An abrasive containing a slurry in which cerium oxide particles are dispersed in a medium,
The cerium oxide particles include cerium oxide particles composed of two or more crystallites and having a grain boundary,
An abrasive having a crystallite diameter of 10 to 600 nm.   The abrasive | polishing agent of Claim 1 in which the cerium oxide particle | grains which have a crystal grain boundary have a pore.   3. The polishing according to claim 1, wherein the porosity of the cerium oxide particles in the abrasive is 10 to 30% determined from the ratio of the true density measured with a pycnometer and the theoretical density determined by X-ray Rietveld analysis.
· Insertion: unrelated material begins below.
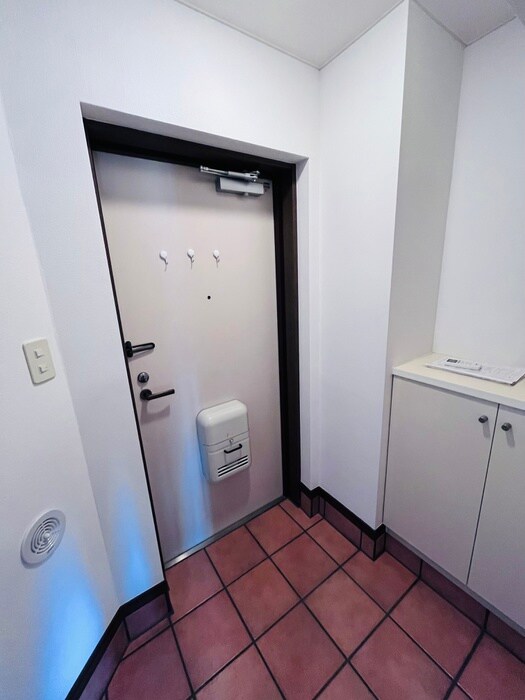 物件内観写真17　(玄関)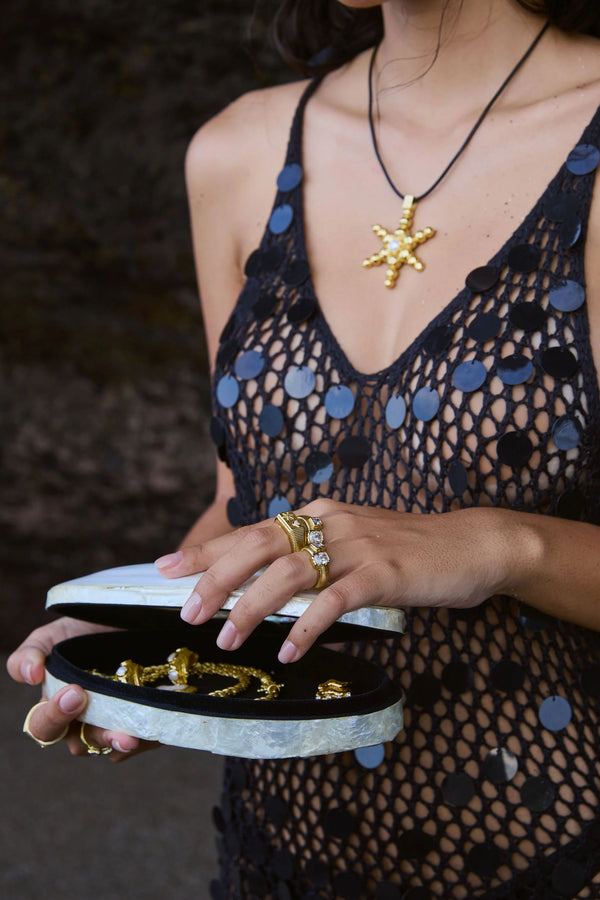 NIKA Ring | Gold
Agent. B. of cerium oxide particles in abrasive. J. et al. H. The abrasive | polishing agent of any one of Claims 1-3 whose pore volume measured by the method is 0.02-0.05cm < ³ > / g. The abrasive | polishing agent of any one of Claims 1-4 whose bulk density of the cerium oxide particle in an abrasive | polishing agent is 6.5 g / cm < ³ > or less. The abrasive | polishing agent of Claim 5 whose bulk density is 5.0-5.9 g / cm < ³ >.   The abrasive according to any one of claims 1 to 6, wherein the median crystallite diameter is 5 to 250 nm.   The abrasive according to any one of claims 1 to 6, wherein the median crystallite diameter is 10 to 250 nm.   The abrasive according to any one of claims 1 to 6, wherein the median crystallite diameter is 10 to 150 nm.   The abrasive according to any one of claims 1 to 6, wherein the median crystallite diameter is 10 to 50 nm.   The median of crystallite diameter is 50-200 nm, The abrasive | polishing agent of any one of Claims 1-6.   The abrasive according to any one of claims 1 to 10, wherein the crystallite has a maximum diameter of 600 nm or less.   The abrasive according to any one of claims 1 to 12, wherein the medium is water.   The abrasive according to any one of claims 1 to 13, wherein the slurry contains a dispersant.   The abrasive according to claim 14, wherein the dispersant is at least one selected from a water-soluble organic polymer, a water-soluble anionic surfactant, a water-soluble nonionic surfactant, and a water-soluble amine.   A method for polishing a substrate, comprising polishing a predetermined substrate using the abrasive according to claim 1. A slurry in which cerium oxide particles are dispersed in a medium,
The cerium oxide particles include cerium oxide particles composed of two or more crystallites and having a grain boundary,
A slurry having a crystallite diameter of 10 to 600 nm.   The slurry according to claim 17, wherein the cerium oxide particles having crystal grain boundaries have pores.   The slurry according to claim 17 or 18, wherein the porosity of the cerium oxide particles in the slurry is 10 to 30% determined from the ratio of the true density measured using a pycnometer and the theoretical density determined by X-ray Rietveld analysis. B. of cerium oxide particles in slurry. J. et al. H. The slurry according to claim 18 or 19, wherein the pore volume measured by the method is 0.02 to 0.05 cm ³ / g. The slurry according to any one of claims 17 to 20, wherein the bulk density of the cerium oxide particles in the slurry is 6.5 g / cm ³ or less. The slurry according to claim 20, which has a bulk density of 5.0 to 5.9 g / cm ³ .   The slurry according to any one of claims 17 to 22, wherein the median crystallite diameter is 5 to 250 nm.   The slurry according to any one of claims 17 to 22, wherein the median crystallite diameter is 10 to 250 nm.   The slurry according to any one of claims 17 to 22, wherein the median crystallite diameter is 10 to 150 nm.   The median of crystallite diameter is 10 to 50 nm, The abrasive according to any one of claims 17 to 22.   The slurry according to any one of claims 17 to 22, wherein a median crystallite diameter is 50 to 200 nm.   The slurry according to any one of claims 17 to 22, wherein the maximum diameter of the crystallite is 600 nm or less.   The slurry according to any one of claims 17 to 28, wherein the medium is water.   The slurry according to any one of claims 17 to 29, further comprising a dispersant.   The slurry according to claim 30, wherein the dispersant is at least one selected from a water-soluble organic polymer, a water-soluble anionic surfactant, a water-soluble nonionic surfactant, and a water-soluble amine.